Knee pain is incredibly common, second only to back pain. 15% of people experience it at some point with the frequency increasing as you get older.
Chris & Xand seek to disrupt the idea that we use our knees so much that they get injured or wear out and that the way to keep them working for as long as possible is to not use them as intensively. They suggest another more positive mindset that our knees are strong, powerful, robust joints that get stronger through use and we can build our confidence in our own knees through activity.
Important: The knee pain being discussed is chronic low grade intermittent knee pain many people experience to a greater or lesser extent. If your knee pain is new, your knee locks periodically, is red, hot or swollen, or has an acute trauma injury then its important to seek medical advice and what follows is not a recommendation appropriate for you at the moment.
Knees: the basics
We ask a lot of our knees, they are the largest joint in the human body, they bear more weight than any other joint in the body other than the ankle and we arguably load them more than the ankle - they flex more and we need them to sit down, kneel, jump, move, the list goes on.

Two bones come together at the knee, with smooth cartilage at the surfaces where they meet. Ligaments, tendons and muscles act as supporting and binding structures and the knee cap acts as a protective shock absorber embedded in the tendons surrounding the joint.
A "bad knee"?
In the podcast Chris discusses his “bad” knee and three interactions he has had with people which have changed his perception about it and the symptoms he has.
“Get strong then get fit: improved muscle strength reduces pain”
A professor of musculoskeletal medicine’s input: A lot of joint pain, not just in the knees but throughout the body is driven by soft tissue issues, specifically muscle weakness.
The most common site of knee pain is in the front of the knee when pressure is put through the tendon in which the kneecap is embedded and its attachment to bone. The pressure is exacerbated by muscle weakness as if the quadriceps muscle that becomes the tendon is too weak to take significant load it results in the tendon having to take up the strain instead.

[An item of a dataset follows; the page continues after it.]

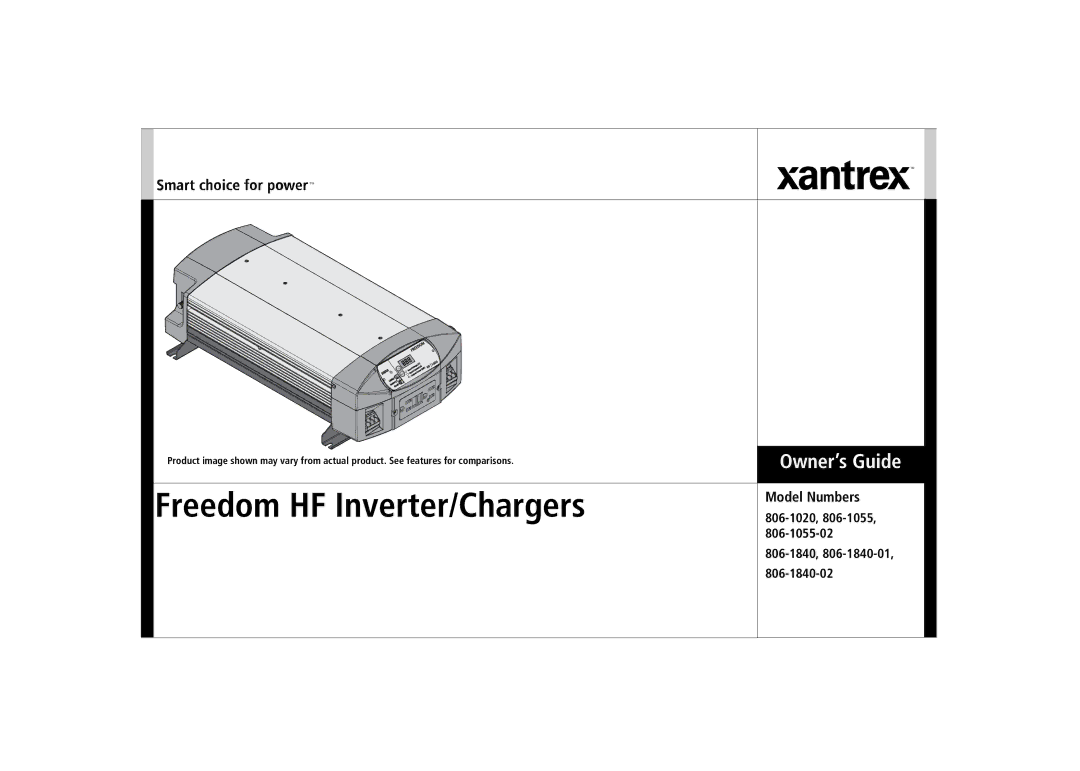 Xantrex Technology 806-1055, 806-1020, 806-1840-01, 806-1840-02 manual Freedom HF Inverter/Chargers, Model Numbers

Additinally it's useful to know that cartilage is living tissue, it can regenerate and when you exercise in a weight bearing way the squeezing of the knee moves joint fluid around and encourages cartilage growth which is really good for the knee cartilage, joint health and bone density.
Studies show that knees of people who run and do use their knees a lot often don’t show high wear and tear in terms of loss of cartilage. If you knee is in good structural shape you can probably keep running for many years with no issues. If you have had some injuries and damage to cartilage repeated loading may not be ideal, but a good starting point is always to strengthen up the muscles surrounding the knees, specifically the quadriceps muscle of your thigh.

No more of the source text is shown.